Is the time period from which these nurse images hail a coincidence? The glamorous and desirable nurses of the books that Prince has used as his source material date from the years of the great ascendancy of the Abstract Expressionists. Prince, in interview, has often referred to de Kooning as a crucial influence, and it is in the Nurse Paintings that this influence has manifested itself most overtly. The strange violence that has been exerted on the canvas, and therefore to the Wayward Nurse herself, with its strange blood-like streaks of paint dripping down the surface, recalls the shock and scandal with which de Kooning's celebrated paintings of women were received in the late 1940s and early 1950s. They punctured a myth of the woman in art. Gone was the smoothness of so many sculptures, the ivory-skinned curves of so many paintings, and in its place was something jarringly alive, current and anxiously emotional. De Kooning, in short, had sought to capture the reality of woman, where the nurse literature promoted a new tawdry myth. By uniting the gesturality of de Kooning's paintings with the subject matter of those books, Prince presents the viewer with a strange, ambivalent new image that both emphasises and punctures the sexual stereotypes of the raunchy nurse, as well as that of the macho Ab Ex painter.
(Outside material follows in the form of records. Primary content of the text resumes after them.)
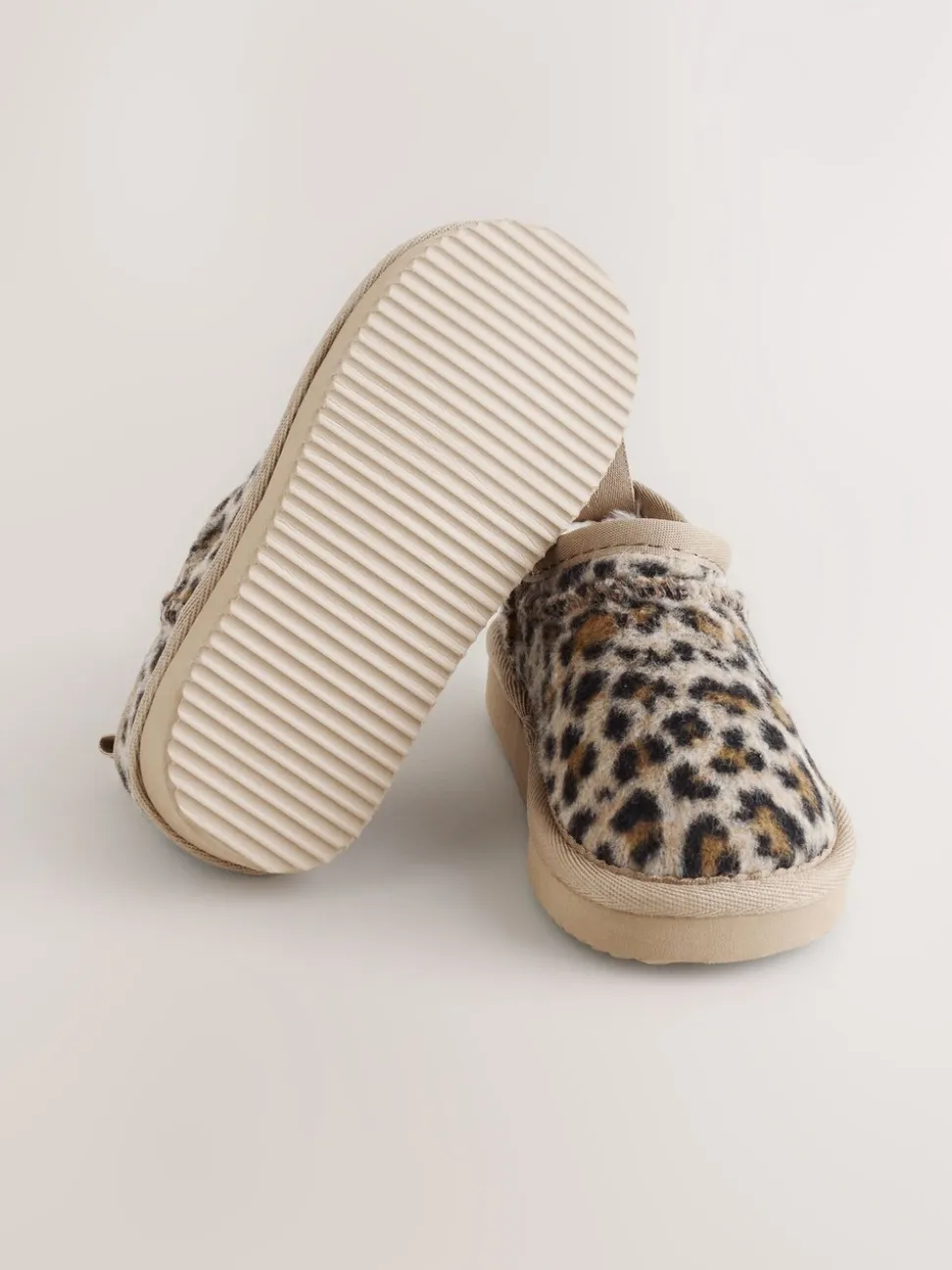 Lichtbruin/dierenprint - Shoot pantoffels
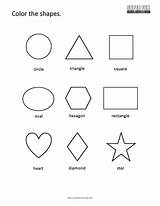 Basic Shapes 9  Super Fun Coloring sketch template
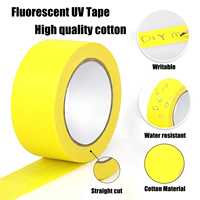 Ruban UV réactif à la lumière noire, lumineux, décoratif, bande de tissu illuminée, ruban phosphorescent, ruban gaffer fluorescent néon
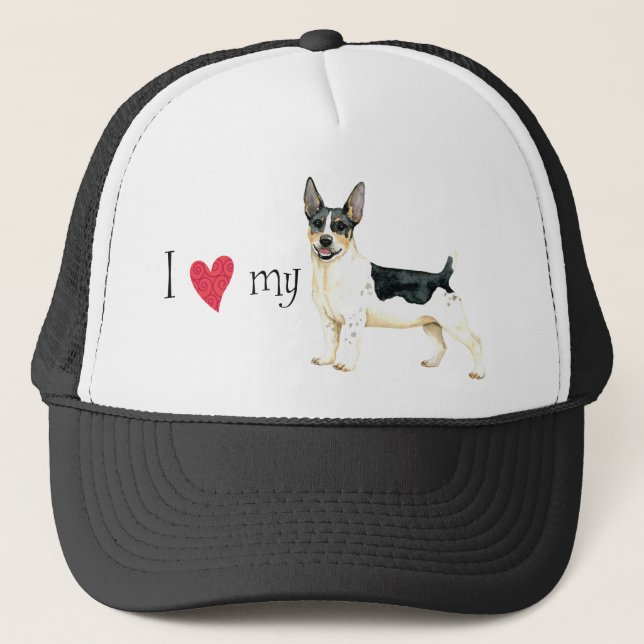 Casquette I Love my Teddy Roosevelt Terrier (Devant)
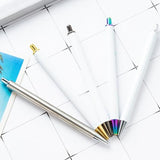 PLCPDM 6Pcs Retractable Ballpoint Pen for Heat Transfer, Sublimation Pen Blank, Heat Transfer Ballpoint Pen, 1 Count (Pack of 1) PLCPDM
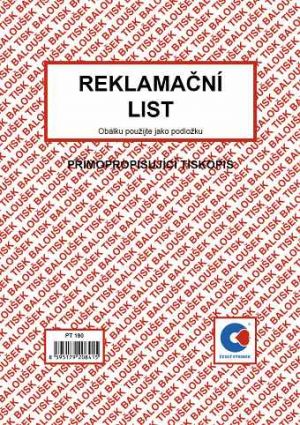 Reklamační list A5přímopropisující / PT190 / Baloušek tisk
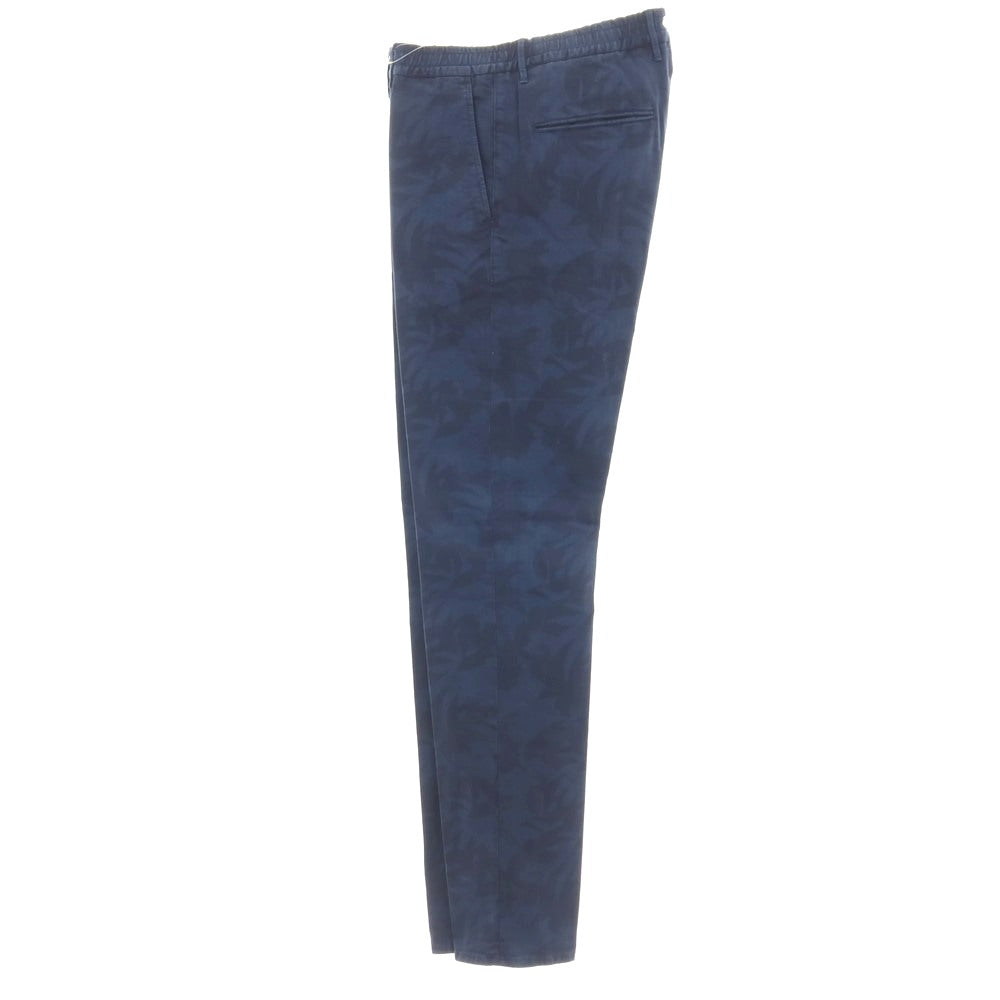 【新品】インコテックス スラックス INCOTEX SLACKS ストレッチ ボタニカル プリント イージーカジュアルスラックスパンツ ネイビー【サイズ34】【 状態ランクN 】【 メンズ 】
The use of a painting style that recalls Abstract Expressionism, a movement that remains on a cultural, canonical pedestal to this day, over the top of a corny and clichéed printed image of a fantasy-figure nurse acts as an attack upon the art of Prince's predecessors, as a deflation of their grandiosity. At the same time, the viewer is forced to wonder whether Prince has not actually enjoyed creating this painting, admitting to and indulging in the ages-old game of the mark-making upon the canvas. The customary detachment that had characterised so many of Prince's earlier works, be they photographs (or photographs of photographs) or the Joke Paintings, has disappeared, replaced by a strange and sensual enjoyment of painting. It is typical of the ever-subversive techniques at work in Prince's work that this sensuality becomes all the more apt, and all the more complex, in the light of the self-evidently exploitative theme that has prompted it.